Investors inject £3bn into central London offices in third quarter
Investor interest in central London office buildings has returned with a vengeance, with spend surpassing pre-pandemic levels.
Around £1.5bn was spent on City office buildings in the three months to September 30, according to preliminary data from real estate advisors JLL, compiled for the Evening Standard.
It comes as office workers have made their return to the City in droves over recent weeks.
Some £1.4bn was also spent on office space in the West End.
Last year, some £1bn was spent, with spend subdued thanks to travel restrictions and Covid lockdowns, as well as apprehensions about the permanence of working from home.

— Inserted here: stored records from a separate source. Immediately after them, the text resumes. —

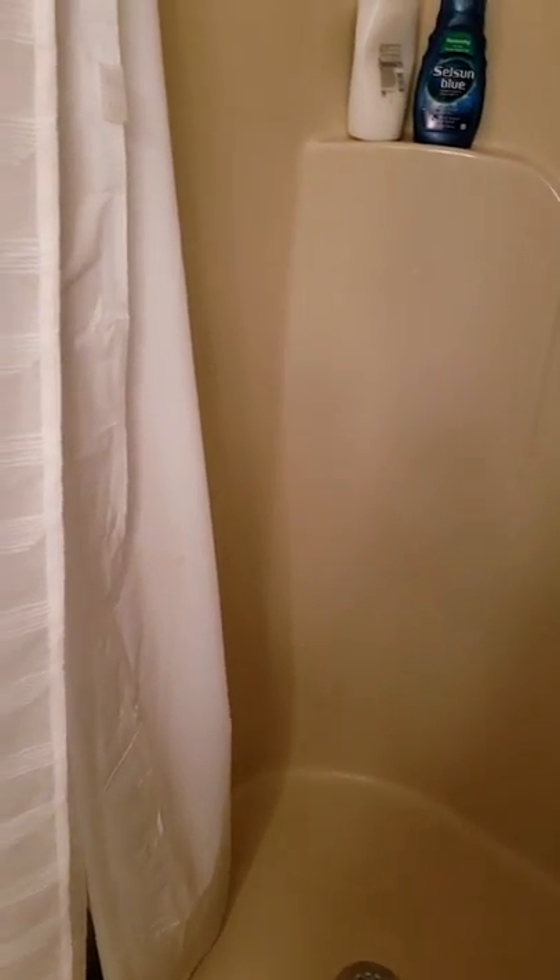So you can see this is what it looks like after I took the door off. Just having the door off and having a regular shower curtain on here has really improved the experience.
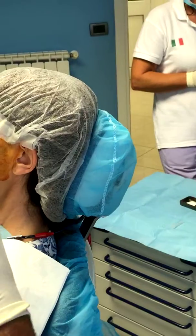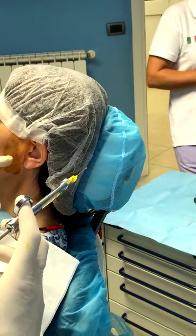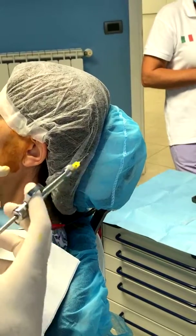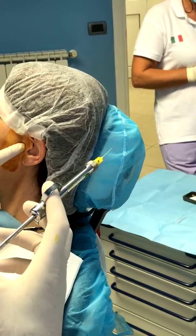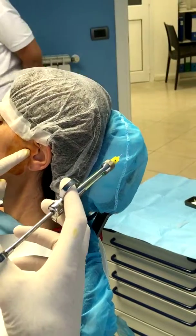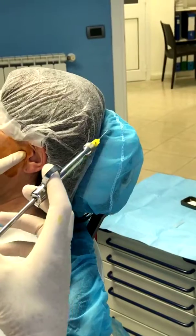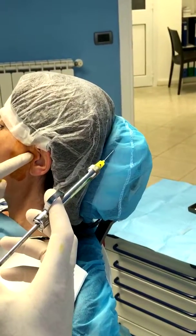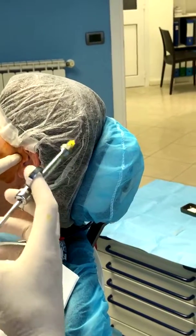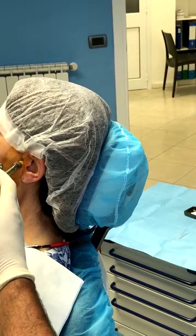Now what you do is just ask the patient to open — with this it's very important to get the right point. Here you keep the tissue apart. Here is the point; you can feel it exactly. So you go directly into the joint.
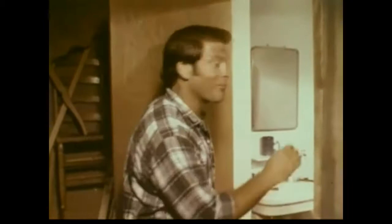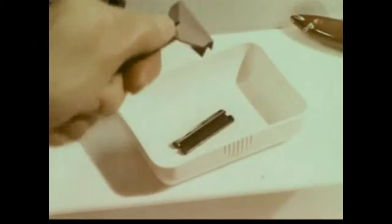Some guys are into woodworking and they've got to have every new gadget that comes out. Not me. I keep it simple. Because the simpler things are, the better I like them. Like shaving with this Wilkinson Bonded. It's so simple.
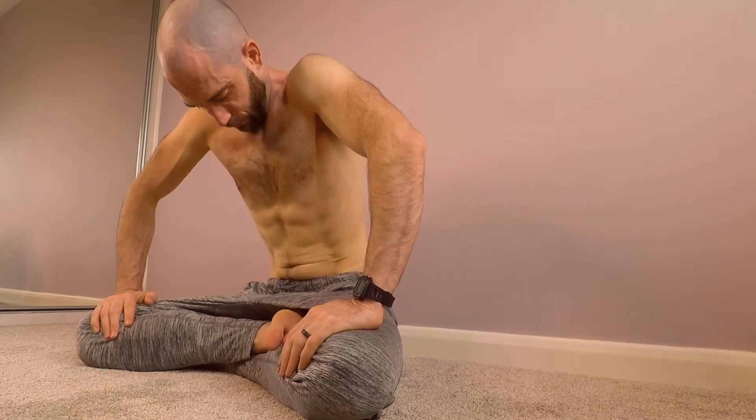In yoga this is called the Nauli or Nauli Kriya. It helps me connect with my body and my breath. When I posted this on my Instagram I found that I got a load of comments about it, so I thought it would be helpful to put some tips and tricks onto a long form piece of content for people to enjoy and have a go at themselves.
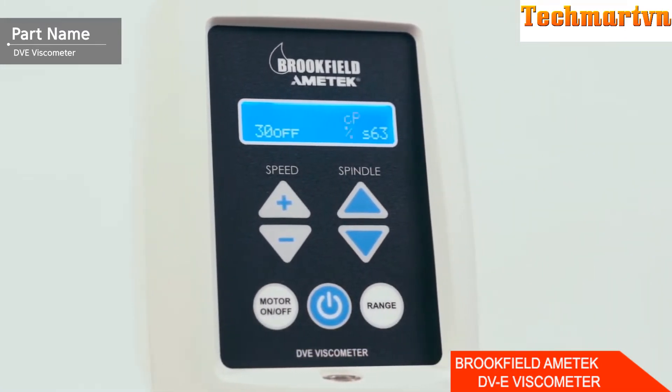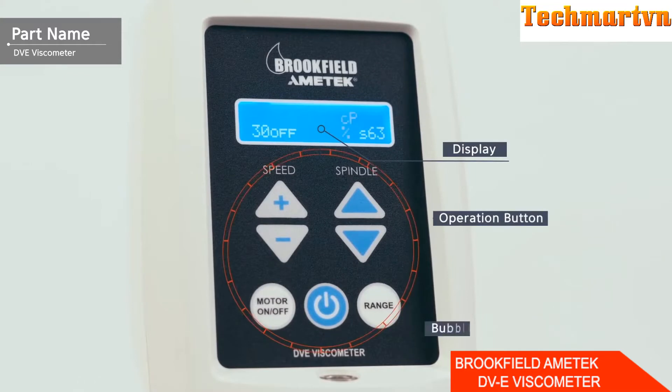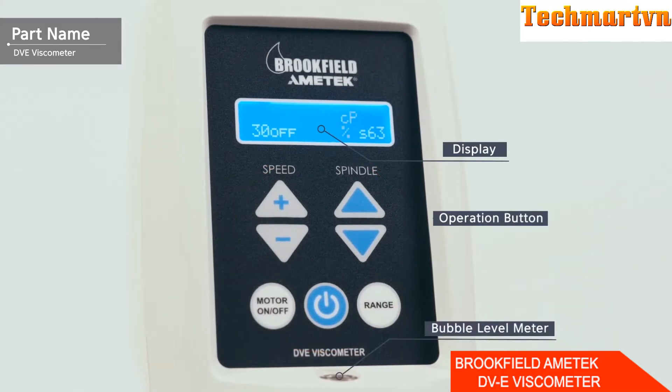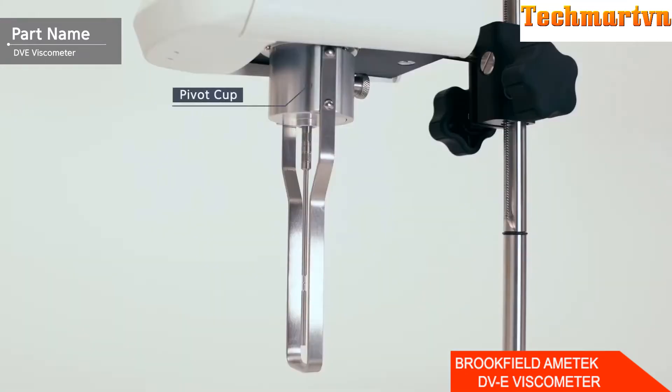On the front of the main body, there is a display, various operation buttons, and a bubble level. There is a power adapter connection port on the rear. At the bottom of the main body, there is a pivot cup and coupling screw.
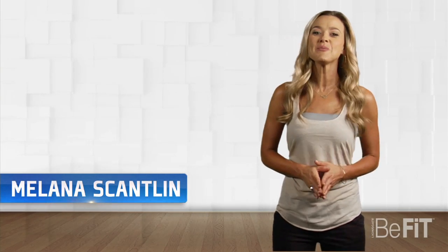Malena Scantlin here with another episode of You Asked For It. Keep watching for tips on preseason sports training.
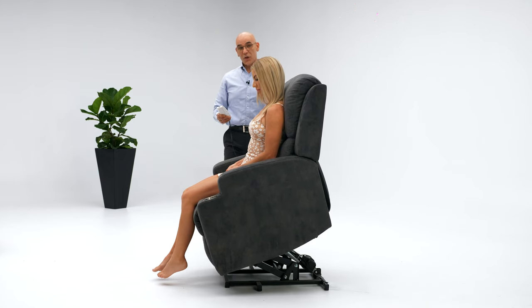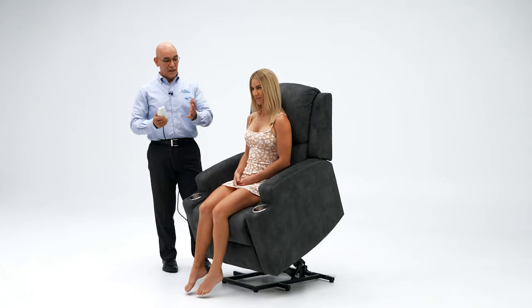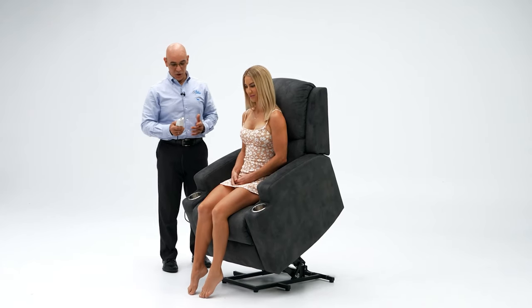Using the lift mode will bring you to a nice, almost upright standing position so you can easily get in and out of the chair.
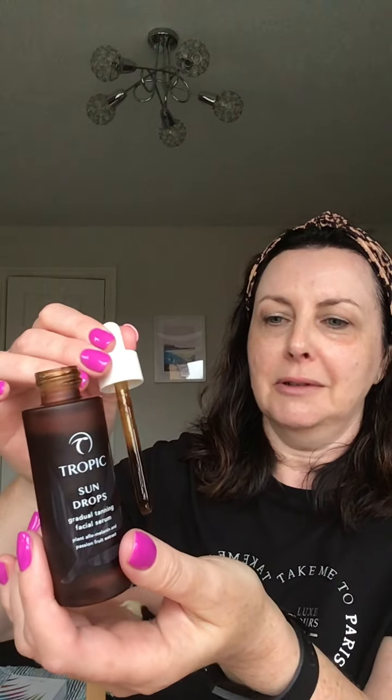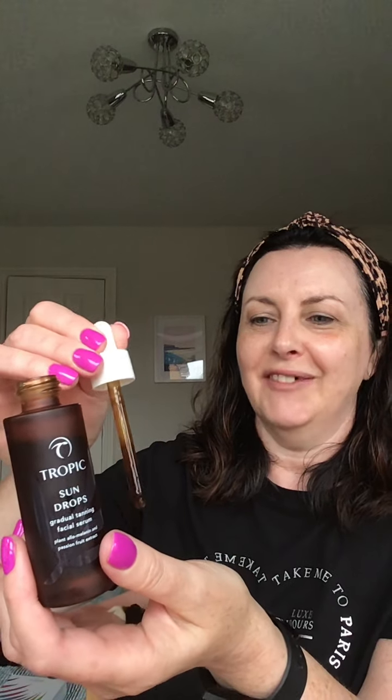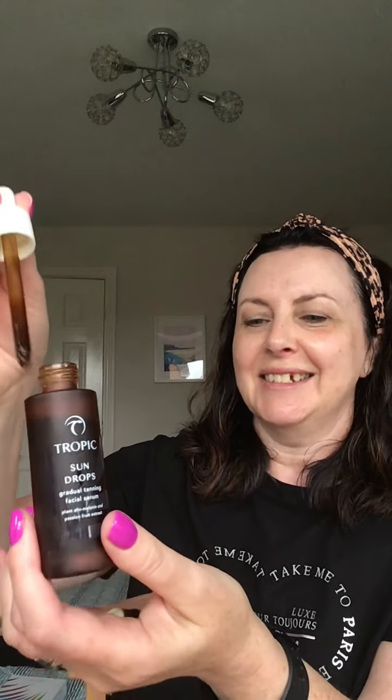So here we go — one, two, three, four, five, six. Can you see there? I'm just going to mix it in my hands. I should have worn a different top because I really like to get it onto my chest, so we'll see how we get on.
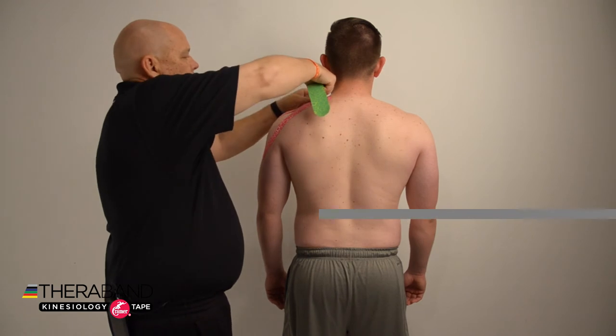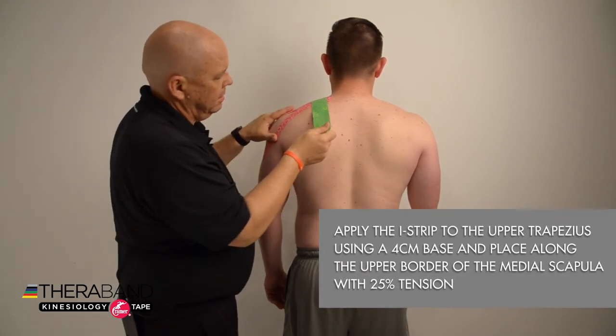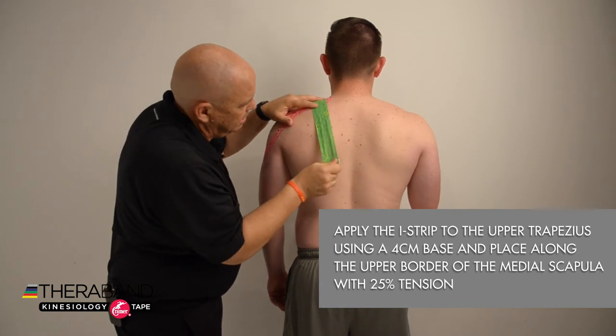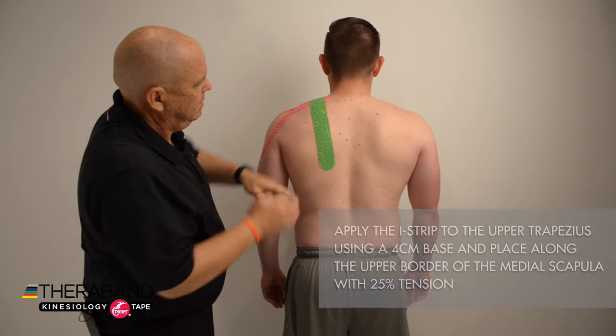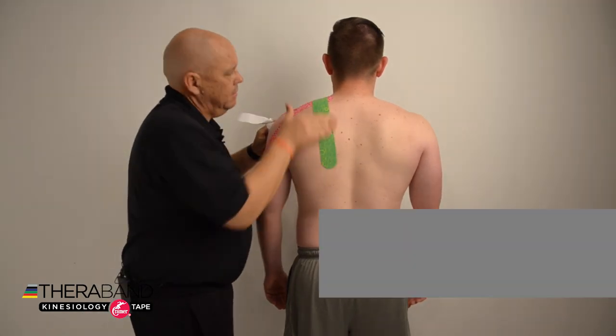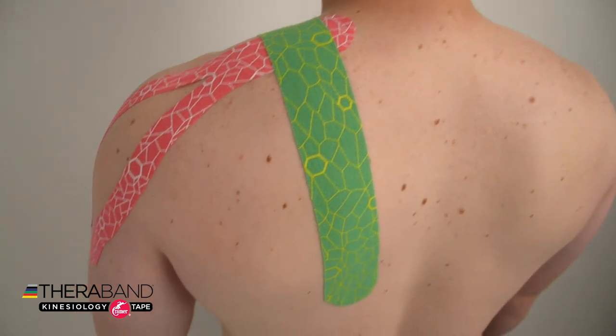For the next strip, the I strip, we'll remove four centimeters from one end for our anchor that we'll place right over the top of the upper trapezius. We'll pull down on that tape at about 25 to 50% as we place it just on the medial border of the scapula, then apply the base without any tension and rub the tape to activate the adhesive.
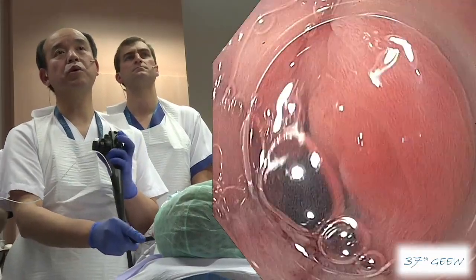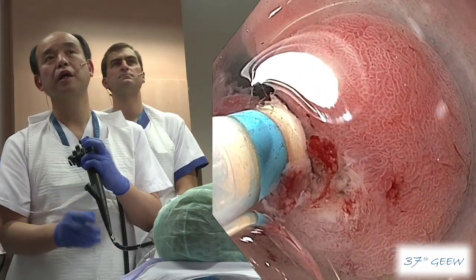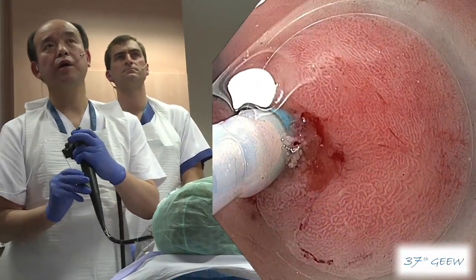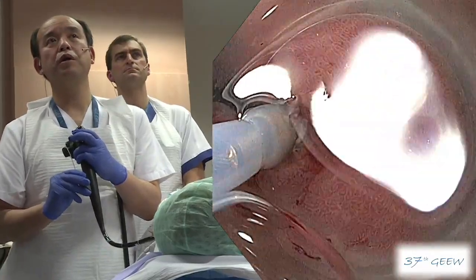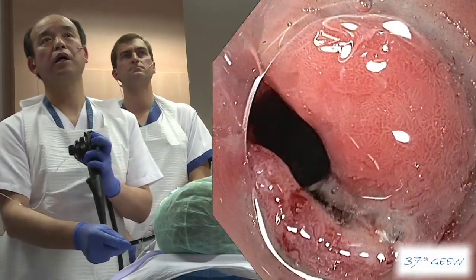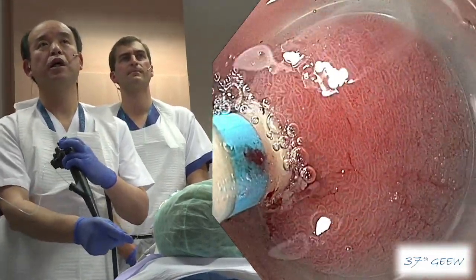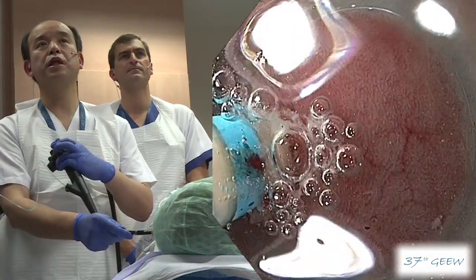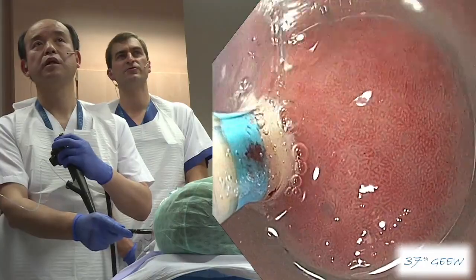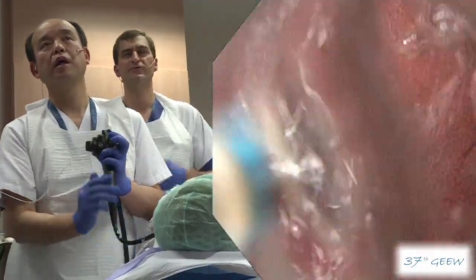Then I extend the mucosal incision from here to the right side. Before that, I will inject a little bit more directly. Catch the edge and make the incision to the right side. As we can see, using near focus during the dissection helps you to have a good focus of the picture — not only for the mucosal pattern, but to look closely at what you are doing.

Post-lockdown investors have also spent more compared to the £2.6bn spent in the third quarter of 2019, when buyers were nervous about Brexit and rumours of a general election.
Year-to-date total spend on central London offices has hit £7.5bn, an increase from £4.1bn last year.
Notable purchases in the quarter include the acquisition of 250 Euston Road by Derwent London in a £190m deal.
Julian Sandbach, head of central London office markets at JLL, told the Standard: “Investors are increasingly optimistic about London’s economic prospects in a post-Brexit environment and are encouraged by enhanced occupier activity and the positive return-to-work messaging.”
Sandbach added: “The final quarter is always the busiest and with more deals in traction than at any other point in 2021 we expect a strong finish to the year.”